Construida alrededor de Stars Hollow, un pueblito ficticio de Connecticut que siempre pareció detenido en alguna época dorada que en realidad era la del cine, y armada en base a hermosos anacronismos como esos diálogos burbujeantes que parecían sacados directamente de la screwball comedy, o irrupciones de comedia musical en la calma chicha del pueblo, Gilmore Girls puso una figura levemente contrastante contra esos decorados más bien idílicos y logró que la fusión fuera perfecta. Porque Lorelai Gilmore, la chica que quedó embarazada a sus dulces 16 y abandonó el hogar paterno adinerado para ir a hacerse una vida en ese pueblo que parecía salido directamente de su imaginación hirviente, era una madre soltera independiente y rebelde, que decidió prescindir no solo de la ayuda del padre de su bebé, sino también de la posición y los privilegios ilimitados que implicaba continuar la tradición de la familia, para armar un hogar de dos chicas, madre e hija.

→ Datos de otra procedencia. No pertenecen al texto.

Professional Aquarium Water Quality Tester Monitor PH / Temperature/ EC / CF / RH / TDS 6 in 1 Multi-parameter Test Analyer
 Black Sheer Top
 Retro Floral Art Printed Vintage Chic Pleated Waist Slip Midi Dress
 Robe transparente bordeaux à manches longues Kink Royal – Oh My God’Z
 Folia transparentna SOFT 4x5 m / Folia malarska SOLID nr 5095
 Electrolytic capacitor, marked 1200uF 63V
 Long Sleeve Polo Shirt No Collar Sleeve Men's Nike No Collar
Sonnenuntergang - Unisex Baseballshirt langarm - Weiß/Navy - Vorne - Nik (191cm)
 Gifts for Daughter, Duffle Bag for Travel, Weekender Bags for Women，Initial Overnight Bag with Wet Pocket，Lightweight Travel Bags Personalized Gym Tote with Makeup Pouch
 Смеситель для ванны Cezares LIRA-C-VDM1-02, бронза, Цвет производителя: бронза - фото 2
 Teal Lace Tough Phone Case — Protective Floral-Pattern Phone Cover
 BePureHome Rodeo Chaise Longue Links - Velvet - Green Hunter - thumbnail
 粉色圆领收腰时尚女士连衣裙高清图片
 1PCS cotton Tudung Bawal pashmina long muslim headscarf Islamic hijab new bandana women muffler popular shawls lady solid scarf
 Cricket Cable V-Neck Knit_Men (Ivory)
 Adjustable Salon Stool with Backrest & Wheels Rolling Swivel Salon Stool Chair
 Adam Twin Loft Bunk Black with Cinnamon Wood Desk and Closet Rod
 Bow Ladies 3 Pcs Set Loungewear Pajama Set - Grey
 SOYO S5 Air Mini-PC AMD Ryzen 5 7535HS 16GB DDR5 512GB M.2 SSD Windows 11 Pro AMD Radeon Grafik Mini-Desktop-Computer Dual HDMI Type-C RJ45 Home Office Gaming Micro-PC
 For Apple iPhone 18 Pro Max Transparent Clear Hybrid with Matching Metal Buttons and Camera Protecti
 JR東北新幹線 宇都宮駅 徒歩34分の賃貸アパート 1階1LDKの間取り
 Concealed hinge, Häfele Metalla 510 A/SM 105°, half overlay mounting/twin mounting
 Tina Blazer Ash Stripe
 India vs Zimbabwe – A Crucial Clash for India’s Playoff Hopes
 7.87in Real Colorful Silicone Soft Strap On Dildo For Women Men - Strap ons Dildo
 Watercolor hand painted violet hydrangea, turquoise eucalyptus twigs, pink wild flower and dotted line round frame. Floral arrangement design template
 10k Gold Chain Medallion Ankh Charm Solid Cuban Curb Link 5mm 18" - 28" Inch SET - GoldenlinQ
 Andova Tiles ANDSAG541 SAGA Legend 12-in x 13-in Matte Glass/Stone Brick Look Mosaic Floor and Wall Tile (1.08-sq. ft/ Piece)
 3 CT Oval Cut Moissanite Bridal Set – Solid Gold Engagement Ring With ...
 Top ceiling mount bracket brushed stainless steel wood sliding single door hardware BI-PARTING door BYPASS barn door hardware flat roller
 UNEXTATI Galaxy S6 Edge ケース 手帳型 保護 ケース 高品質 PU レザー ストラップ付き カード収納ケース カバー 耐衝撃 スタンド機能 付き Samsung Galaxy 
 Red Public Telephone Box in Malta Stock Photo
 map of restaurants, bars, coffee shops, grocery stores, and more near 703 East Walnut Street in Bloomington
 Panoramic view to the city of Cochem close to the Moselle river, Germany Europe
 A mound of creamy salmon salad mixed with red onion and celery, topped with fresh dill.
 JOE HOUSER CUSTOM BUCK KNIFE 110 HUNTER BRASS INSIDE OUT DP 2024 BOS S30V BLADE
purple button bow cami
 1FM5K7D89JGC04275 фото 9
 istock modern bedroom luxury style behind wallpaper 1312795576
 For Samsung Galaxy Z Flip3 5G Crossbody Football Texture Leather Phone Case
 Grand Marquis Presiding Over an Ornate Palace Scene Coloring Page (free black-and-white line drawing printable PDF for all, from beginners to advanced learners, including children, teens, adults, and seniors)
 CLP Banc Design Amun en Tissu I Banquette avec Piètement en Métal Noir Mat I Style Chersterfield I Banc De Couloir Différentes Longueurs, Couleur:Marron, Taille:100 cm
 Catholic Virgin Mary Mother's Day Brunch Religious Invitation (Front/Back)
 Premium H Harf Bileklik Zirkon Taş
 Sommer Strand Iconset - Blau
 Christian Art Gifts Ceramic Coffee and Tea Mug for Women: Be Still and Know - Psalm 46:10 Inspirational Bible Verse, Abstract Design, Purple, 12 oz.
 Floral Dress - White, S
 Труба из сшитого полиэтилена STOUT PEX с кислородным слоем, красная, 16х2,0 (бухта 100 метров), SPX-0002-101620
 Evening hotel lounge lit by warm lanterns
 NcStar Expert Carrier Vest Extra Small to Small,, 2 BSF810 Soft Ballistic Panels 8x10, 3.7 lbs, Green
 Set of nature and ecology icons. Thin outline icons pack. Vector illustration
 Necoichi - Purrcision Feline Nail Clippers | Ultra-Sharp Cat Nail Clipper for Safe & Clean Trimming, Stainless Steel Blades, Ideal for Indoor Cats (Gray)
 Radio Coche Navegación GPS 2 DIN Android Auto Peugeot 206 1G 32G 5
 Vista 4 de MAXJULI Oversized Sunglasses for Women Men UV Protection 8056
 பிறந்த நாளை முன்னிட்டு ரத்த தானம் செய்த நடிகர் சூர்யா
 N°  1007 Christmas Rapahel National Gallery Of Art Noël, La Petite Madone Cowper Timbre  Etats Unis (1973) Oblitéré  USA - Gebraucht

A veces la diferencia entre la madre y la hija era patente; otras, no. Con solo 16 años de diferencia, las dos se sacaban chispas y tenían ese tipo de vínculo de hija madura y sabia frente a madre aniñada, que a veces las hacía explotar. Quizás lo más difícil de retomar la serie una década después era responder a la pregunta que todxs los fans nos estábamos haciendo: ¿Lorelai podía crecer? Ya cerca de los cincuenta y con una cirugía plástica delicada pero que no dejó de darle ese gesto algo siniestro de la parte exterior de los párpados levantada, Lauren Graham (Lorelai) había aparecido en el trailer de esta nueva temporada haciendo exactamente lo mismo que diez años atrás: hablar a toda velocidad, no parar ni un segundo de hacer bromas, hacer pucheros, usar gorros de lana que la hacían parecer una nenita de seis. No siempre fue feliz el equilibrio entre la verborragia de comediante de Lorelai Gilmore y el papel más o menos digno que tenía que cumplir como madre y adulta; algunas veces, sus problemas imaginarios eran simplemente infantiles e irritantes.

Esta nueva temporada de Gilmore Girls, dividida en cuatro estaciones que abarcan un año, fue mucho más interesante para Rory (Alexis Bledel) y Emily (Kelly Bishop) que para Lorelai. A la mayor de las dos se le murió el marido y empezó, como muchas viudas que estuvieron a la sombra de sus esposos en esas parejas más tradicionales, a deshacerse de un sinnúmero de cosas que no había elegido del todo, empezando por su propia casa. En el caso de Rory, hubo un esfuerzo grande por aggionar la serie a la realidad económica del periodismo freelancer, que resultó mucho menos estimulante de lo que Rory había imaginado, mucho más rutinario, mal pago y sembrado de maltratos (uno de mis chistes maliciosos preferidos fue de hecho el del club de los treintañeros en Stars Hollow, chicos que viven con los padres a falta de otra cosa mejor y que hacen del pueblo un limbo post-universitario). La misma Rory tuvo que volver a la casa de la madre, y la serie no dejó de acusar recibo también del hito que representó Girls, en las menciones reiteradas a Lena Dunham y el intento, si bien limitado por el horizonte de inocencia impuesto desde el principio (hablamos de una serie donde se tiene sexo pero no se coge y los besos de lengua están prohibidos), de darle cierto realismo a la vida sexual de Rory, sexo casual incluido.

En cuanto a Lorelai, sus conflictos siguen pareciendo más imaginarios que otra cosa: si no tuvo un hijo con Luke por un malentendido vergonzoso en cuarentones como ellos, si se casa o no se casa, si puede levantar la mochila cuando se va de mochilera. No sé si los guionistas habrán creído que era mejor mantenerla igual a sí misma, o que no queríamos verla convertida en una señora madura, pero se equivocaron: la sensación es de que nos perdimos algo que podía haber sido magnífico.